Regularization is a linguistic phenomenon observed in language acquisition, language development, and language change typified by the replacement of irregular forms in morphology or syntax by regular ones. Examples are "gooses" instead of "geese" in child speech and replacement of the Middle English plural form for "cow", "kine", with "cows". Regularization is a common process in natural languages; regularized forms can replace loanword forms (such as with "cows" and "kine") or coexist with them (such as with "formulae" and "formulas" or "hepatitides" and "hepatitises").
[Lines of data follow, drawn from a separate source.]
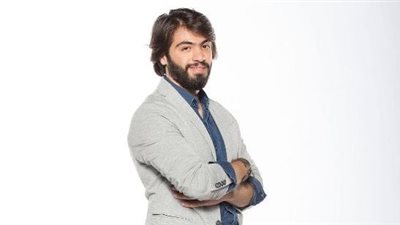 متسابق سوري يغني لـ«عبد الوهاب» ويبهر لجنة تحكيم «The Voice»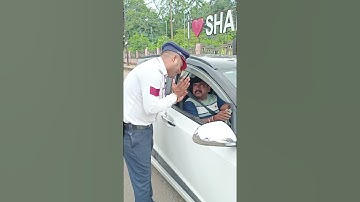 क्या LMV License से Two Wheeler चला सकते हैं? | Driving Licence Rules #shorts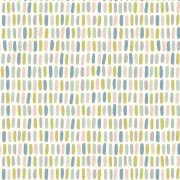 mistythreads-fabric-XLN-eloisa-pwsc018-blush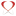 zahnarztpraxis-oesterle.de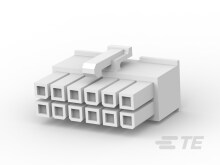 TE Connectivity 1-1586765-2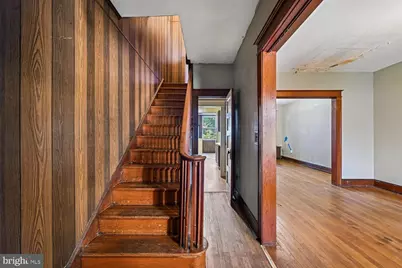 412 Gallatin Street NW, Washington, DC 20011 - Photo 2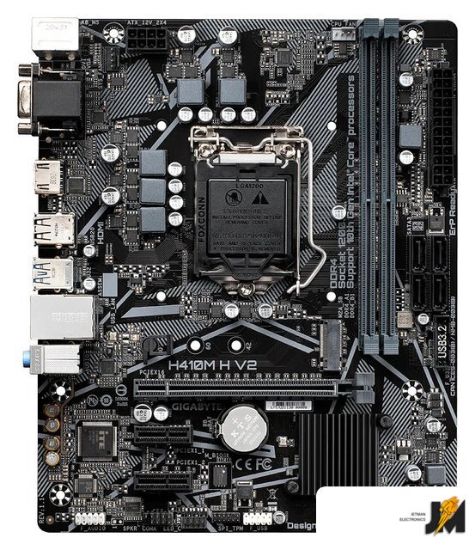 https://cdn.dataimgstore.com/s/3130026/91/9471660/FKXOpXSCoQ.jpg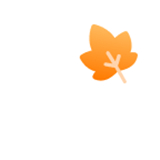 一叶日记app下载-一叶日记安卓下载v2.7.5最新版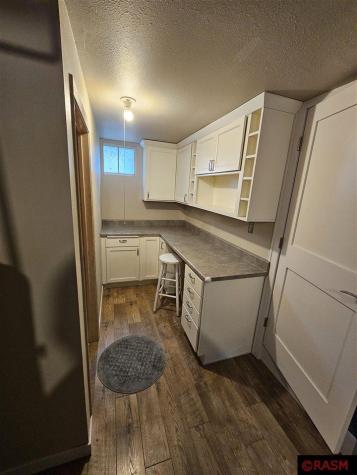 1121 S Minnesota Street New Ulm MN 56073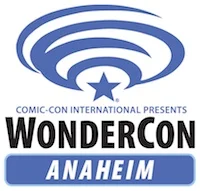 WonderCon - Postponed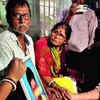 Article image for: 5 held for assault on Abhishek Banerjee, BJP claims ‘factional warfare’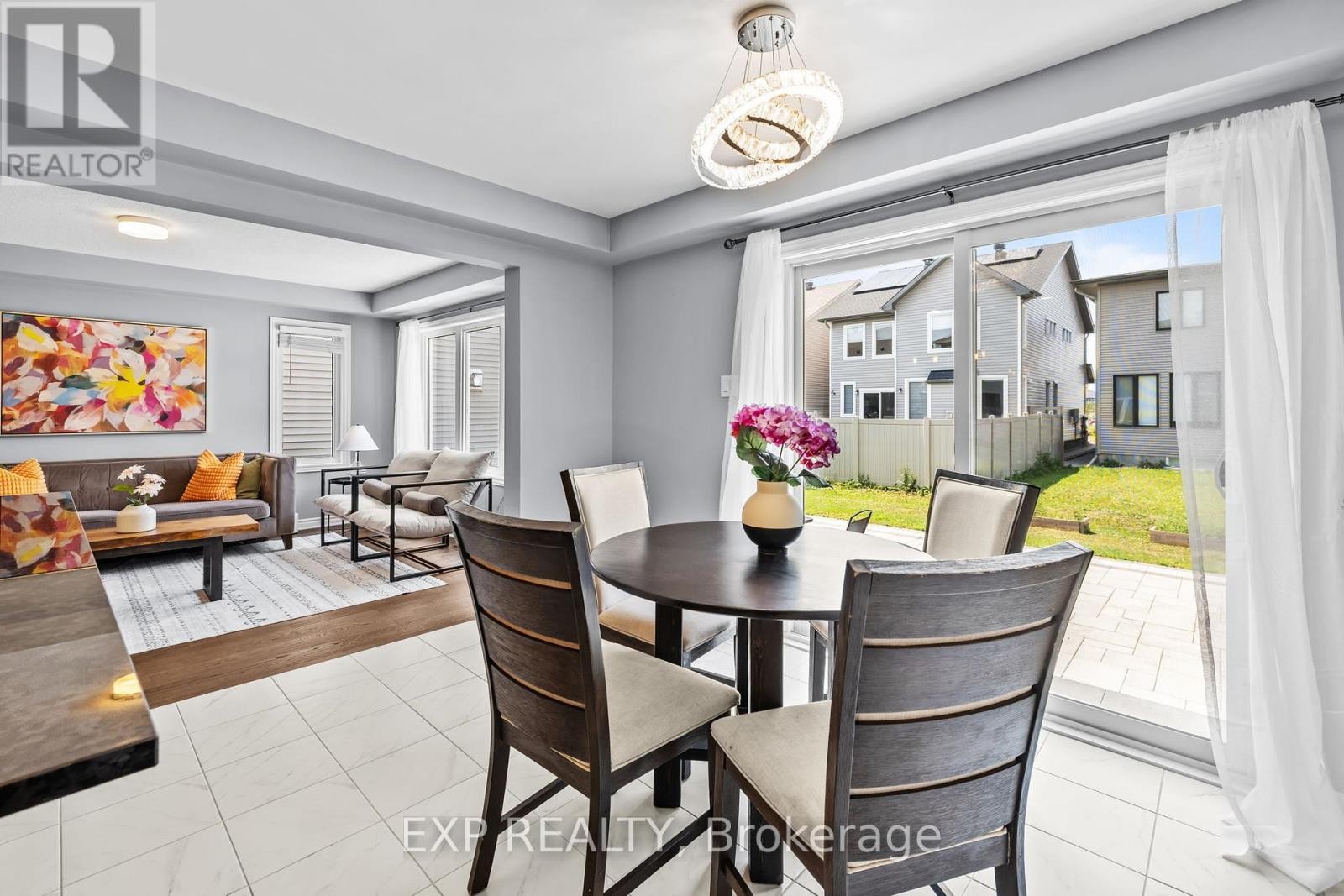 












737 BRITTANIC ROAD

,
Ottawa,




Ontario
K2V0N7

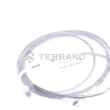 CABLE(UNLOAD) product photo image_2 S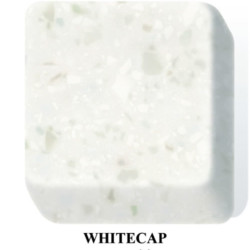 Whitecap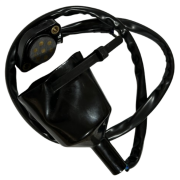 CF SR 250 Vites Gösterge Müşürü Orjinal E5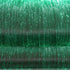 VICTOR SAMPLE PACK OPTICAL FIBER LUMIOUS FABRIC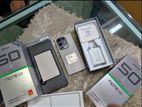 Infinix Note 50 full box (Used)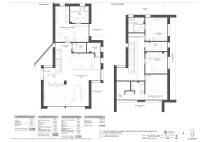 Nybygg - Villa - Orihuela Costa - La Zenia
Erroneous regularization is also called overregularization. In overregularization the regular ways of modifying or connecting words are mistakenly applied to words that require irregular modifications or connections. It is a normal effect observed in the language of beginner and intermediate language-learners, whether native-speaker children or foreign-speaker adults. Because most natural languages have some irregular forms, moving beyond overregularization is a part of mastering them. Usually learners' brains move beyond overregularization naturally, as a consequence of being immersed in the language.

The same person may sometimes overregularize and sometimes say the correct form. Native-speaker adults can overregularize, but this does not happen often.

Comparison and contrast with phonetic overcompensation 

Phonetic overcompensation, one form of hypercorrection, can be compared and contrasted with overregularization.

In both cases, a learner must master the automatic overriding of a rule to the point that it happens unconsciously and instantly—one case being phonetic, the other being morphologic. (The neurologic mechanisms of how that happens are still being investigated. Perhaps the brain needs practice in sidestepping the rule entirely as the needed objects [e.g., phonetic strings or past-tense inflected verb forms] are called directly instead of being derived on-the-fly via the rule.)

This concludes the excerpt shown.